ABOUT THIS EXERCISE
Because the lines must stay identical, write out the data without changing anything.

Records excerpted from a collection:

++++++

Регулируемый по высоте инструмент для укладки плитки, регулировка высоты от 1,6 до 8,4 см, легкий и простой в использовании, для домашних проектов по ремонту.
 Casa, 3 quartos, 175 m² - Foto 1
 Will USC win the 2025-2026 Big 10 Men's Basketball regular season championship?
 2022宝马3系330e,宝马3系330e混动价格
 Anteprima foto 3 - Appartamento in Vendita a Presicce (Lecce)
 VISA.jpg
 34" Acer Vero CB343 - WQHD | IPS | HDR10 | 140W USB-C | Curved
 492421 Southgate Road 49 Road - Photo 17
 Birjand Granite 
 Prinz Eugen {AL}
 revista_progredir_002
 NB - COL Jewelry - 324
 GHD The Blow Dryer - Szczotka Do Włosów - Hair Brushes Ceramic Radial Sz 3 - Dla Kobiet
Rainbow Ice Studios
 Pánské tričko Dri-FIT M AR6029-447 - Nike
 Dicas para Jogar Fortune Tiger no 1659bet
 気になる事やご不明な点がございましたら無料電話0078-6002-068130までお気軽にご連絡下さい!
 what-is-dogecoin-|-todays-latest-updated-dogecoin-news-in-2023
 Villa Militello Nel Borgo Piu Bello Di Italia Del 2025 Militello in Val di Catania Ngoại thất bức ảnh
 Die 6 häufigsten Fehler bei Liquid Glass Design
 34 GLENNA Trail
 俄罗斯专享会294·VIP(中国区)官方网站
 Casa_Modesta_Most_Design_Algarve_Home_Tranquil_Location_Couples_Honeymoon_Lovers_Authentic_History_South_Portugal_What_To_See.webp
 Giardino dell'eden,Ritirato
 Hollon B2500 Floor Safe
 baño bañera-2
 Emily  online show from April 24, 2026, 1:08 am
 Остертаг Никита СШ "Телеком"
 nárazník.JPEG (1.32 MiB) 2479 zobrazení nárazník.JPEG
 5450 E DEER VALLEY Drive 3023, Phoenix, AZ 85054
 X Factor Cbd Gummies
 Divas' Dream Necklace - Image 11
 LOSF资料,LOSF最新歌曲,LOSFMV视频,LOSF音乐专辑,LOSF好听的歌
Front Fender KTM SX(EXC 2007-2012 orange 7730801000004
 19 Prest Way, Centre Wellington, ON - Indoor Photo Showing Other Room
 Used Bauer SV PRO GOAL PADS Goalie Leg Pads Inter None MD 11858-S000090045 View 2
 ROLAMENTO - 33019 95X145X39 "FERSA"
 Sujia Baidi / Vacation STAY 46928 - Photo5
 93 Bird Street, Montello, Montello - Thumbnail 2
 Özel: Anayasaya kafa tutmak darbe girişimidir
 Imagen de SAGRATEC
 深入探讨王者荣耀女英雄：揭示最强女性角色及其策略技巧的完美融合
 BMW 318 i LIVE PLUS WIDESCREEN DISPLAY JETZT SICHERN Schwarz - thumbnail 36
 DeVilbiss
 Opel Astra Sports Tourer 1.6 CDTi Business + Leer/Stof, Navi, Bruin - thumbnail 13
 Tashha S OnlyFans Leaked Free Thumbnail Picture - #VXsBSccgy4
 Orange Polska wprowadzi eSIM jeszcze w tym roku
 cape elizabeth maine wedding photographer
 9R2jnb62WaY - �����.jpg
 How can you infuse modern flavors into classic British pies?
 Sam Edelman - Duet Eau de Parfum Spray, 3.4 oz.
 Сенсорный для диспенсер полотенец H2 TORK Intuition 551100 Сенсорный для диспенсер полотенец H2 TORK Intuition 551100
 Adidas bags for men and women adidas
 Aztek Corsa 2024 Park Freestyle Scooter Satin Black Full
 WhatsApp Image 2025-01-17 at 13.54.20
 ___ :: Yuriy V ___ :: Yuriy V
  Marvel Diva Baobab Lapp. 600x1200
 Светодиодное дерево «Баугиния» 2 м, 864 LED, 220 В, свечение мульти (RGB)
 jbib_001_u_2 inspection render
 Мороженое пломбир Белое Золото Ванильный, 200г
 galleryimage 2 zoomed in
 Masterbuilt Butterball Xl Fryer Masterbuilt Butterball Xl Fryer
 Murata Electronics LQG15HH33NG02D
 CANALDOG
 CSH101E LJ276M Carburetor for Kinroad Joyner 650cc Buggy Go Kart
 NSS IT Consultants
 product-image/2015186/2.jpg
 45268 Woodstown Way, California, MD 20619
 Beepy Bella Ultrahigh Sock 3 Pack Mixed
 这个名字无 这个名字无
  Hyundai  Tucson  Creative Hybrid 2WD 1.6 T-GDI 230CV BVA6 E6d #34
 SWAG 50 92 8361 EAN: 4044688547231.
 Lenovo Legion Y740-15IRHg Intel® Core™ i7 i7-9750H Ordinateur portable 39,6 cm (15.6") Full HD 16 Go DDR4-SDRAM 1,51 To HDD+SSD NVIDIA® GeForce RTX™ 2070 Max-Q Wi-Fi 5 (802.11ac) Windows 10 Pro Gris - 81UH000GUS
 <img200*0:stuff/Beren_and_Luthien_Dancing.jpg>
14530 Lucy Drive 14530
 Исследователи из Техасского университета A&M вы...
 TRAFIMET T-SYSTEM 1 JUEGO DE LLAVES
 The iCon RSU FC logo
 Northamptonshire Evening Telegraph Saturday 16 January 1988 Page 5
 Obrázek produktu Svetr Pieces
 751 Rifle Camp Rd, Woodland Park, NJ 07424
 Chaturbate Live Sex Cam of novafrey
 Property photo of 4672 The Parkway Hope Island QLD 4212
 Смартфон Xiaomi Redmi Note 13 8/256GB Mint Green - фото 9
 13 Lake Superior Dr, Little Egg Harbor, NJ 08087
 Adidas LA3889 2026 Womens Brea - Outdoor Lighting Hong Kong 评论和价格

++++++

ANSWER TO THIS PROBLEM
Регулируемый по высоте инструмент для укладки плитки, регулировка высоты от 1,6 до 8,4 см, легкий и простой в использовании, для домашних проектов по ремонту.
 Casa, 3 quartos, 175 m² - Foto 1
 Will USC win the 2025-2026 Big 10 Men's Basketball regular season championship?
 2022宝马3系330e,宝马3系330e混动价格
 Anteprima foto 3 - Appartamento in Vendita a Presicce (Lecce)
 VISA.jpg
 34" Acer Vero CB343 - WQHD | IPS | HDR10 | 140W USB-C | Curved
 492421 Southgate Road 49 Road - Photo 17
 Birjand Granite 
 Prinz Eugen {AL}
 revista_progredir_002
 NB - COL Jewelry - 324
 GHD The Blow Dryer - Szczotka Do Włosów - Hair Brushes Ceramic Radial Sz 3 - Dla Kobiet
Rainbow Ice Studios
 Pánské tričko Dri-FIT M AR6029-447 - Nike
 Dicas para Jogar Fortune Tiger no 1659bet
 気になる事やご不明な点がございましたら無料電話0078-6002-068130までお気軽にご連絡下さい!
 what-is-dogecoin-|-todays-latest-updated-dogecoin-news-in-2023
 Villa Militello Nel Borgo Piu Bello Di Italia Del 2025 Militello in Val di Catania Ngoại thất bức ảnh
 Die 6 häufigsten Fehler bei Liquid Glass Design
 34 GLENNA Trail
 俄罗斯专享会294·VIP(中国区)官方网站
 Casa_Modesta_Most_Design_Algarve_Home_Tranquil_Location_Couples_Honeymoon_Lovers_Authentic_History_South_Portugal_What_To_See.webp
 Giardino dell'eden,Ritirato
 Hollon B2500 Floor Safe
 baño bañera-2
 Emily  online show from April 24, 2026, 1:08 am
 Остертаг Никита СШ "Телеком"
 nárazník.JPEG (1.32 MiB) 2479 zobrazení nárazník.JPEG
 5450 E DEER VALLEY Drive 3023, Phoenix, AZ 85054
 X Factor Cbd Gummies
 Divas' Dream Necklace - Image 11
 LOSF资料,LOSF最新歌曲,LOSFMV视频,LOSF音乐专辑,LOSF好听的歌
Front Fender KTM SX(EXC 2007-2012 orange 7730801000004
 19 Prest Way, Centre Wellington, ON - Indoor Photo Showing Other Room
 Used Bauer SV PRO GOAL PADS Goalie Leg Pads Inter None MD 11858-S000090045 View 2
 ROLAMENTO - 33019 95X145X39 "FERSA"
 Sujia Baidi / Vacation STAY 46928 - Photo5
 93 Bird Street, Montello, Montello - Thumbnail 2
 Özel: Anayasaya kafa tutmak darbe girişimidir
 Imagen de SAGRATEC
 深入探讨王者荣耀女英雄：揭示最强女性角色及其策略技巧的完美融合
 BMW 318 i LIVE PLUS WIDESCREEN DISPLAY JETZT SICHERN Schwarz - thumbnail 36
 DeVilbiss
 Opel Astra Sports Tourer 1.6 CDTi Business + Leer/Stof, Navi, Bruin - thumbnail 13
 Tashha S OnlyFans Leaked Free Thumbnail Picture - #VXsBSccgy4
 Orange Polska wprowadzi eSIM jeszcze w tym roku
 cape elizabeth maine wedding photographer
 9R2jnb62WaY - �����.jpg
 How can you infuse modern flavors into classic British pies?
 Sam Edelman - Duet Eau de Parfum Spray, 3.4 oz.
 Сенсорный для диспенсер полотенец H2 TORK Intuition 551100 Сенсорный для диспенсер полотенец H2 TORK Intuition 551100
 Adidas bags for men and women adidas
 Aztek Corsa 2024 Park Freestyle Scooter Satin Black Full
 WhatsApp Image 2025-01-17 at 13.54.20
 ___ :: Yuriy V ___ :: Yuriy V
  Marvel Diva Baobab Lapp. 600x1200
 Светодиодное дерево «Баугиния» 2 м, 864 LED, 220 В, свечение мульти (RGB)
 jbib_001_u_2 inspection render
 Мороженое пломбир Белое Золото Ванильный, 200г
 galleryimage 2 zoomed in
 Masterbuilt Butterball Xl Fryer Masterbuilt Butterball Xl Fryer
 Murata Electronics LQG15HH33NG02D
 CANALDOG
 CSH101E LJ276M Carburetor for Kinroad Joyner 650cc Buggy Go Kart
 NSS IT Consultants
 product-image/2015186/2.jpg
 45268 Woodstown Way, California, MD 20619
 Beepy Bella Ultrahigh Sock 3 Pack Mixed
 这个名字无 这个名字无
  Hyundai  Tucson  Creative Hybrid 2WD 1.6 T-GDI 230CV BVA6 E6d #34
 SWAG 50 92 8361 EAN: 4044688547231.
 Lenovo Legion Y740-15IRHg Intel® Core™ i7 i7-9750H Ordinateur portable 39,6 cm (15.6") Full HD 16 Go DDR4-SDRAM 1,51 To HDD+SSD NVIDIA® GeForce RTX™ 2070 Max-Q Wi-Fi 5 (802.11ac) Windows 10 Pro Gris - 81UH000GUS
 <img200*0:stuff/Beren_and_Luthien_Dancing.jpg>
14530 Lucy Drive 14530
 Исследователи из Техасского университета A&M вы...
 TRAFIMET T-SYSTEM 1 JUEGO DE LLAVES
 The iCon RSU FC logo
 Northamptonshire Evening Telegraph Saturday 16 January 1988 Page 5
 Obrázek produktu Svetr Pieces
 751 Rifle Camp Rd, Woodland Park, NJ 07424
 Chaturbate Live Sex Cam of novafrey
 Property photo of 4672 The Parkway Hope Island QLD 4212
 Смартфон Xiaomi Redmi Note 13 8/256GB Mint Green - фото 9
 13 Lake Superior Dr, Little Egg Harbor, NJ 08087
 Adidas LA3889 2026 Womens Brea - Outdoor Lighting Hong Kong 评论和价格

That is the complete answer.